Bollocks to Alton Towers: Uncommonly British Days Out () is a humorous travel book written by Robin Halstead, Jason Hazeley, Alex Morris, and Joel Morris (the creators of The Framley Examiner), which showcases unusual attractions, left-field museums and one-off days out in the United Kingdom.

The introduction describes the book as "a collection of the underdogs of British tourism... [that] say more about Britain and the British than any number of corkscrew thrill rides or high-tech Interactive Visitor Experiences."

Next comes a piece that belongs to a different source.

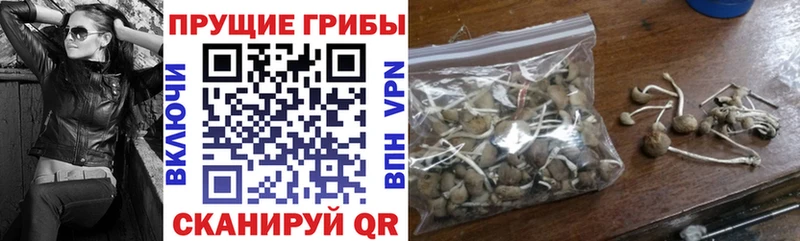 дарк нет состав блэк спрут как зайти Эртиль Галлюциногенные грибы Psilocybine cubensis
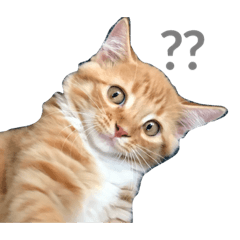 [LINEスタンプ] きなこ＆あずき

The book was published in hardback by Michael Joseph Ltd (an imprint of the Penguin Group) in 2005. It was also published in paperback by Penguin Books in 2006. The book received favourable reviews from The Times, The Press, and The Daily Telegraph. A sequel, titled Far From the Sodding Crowd, was published in hardback in 2007. A paperback edition, More Bollocks to Alton Towers, () was published in April 2008.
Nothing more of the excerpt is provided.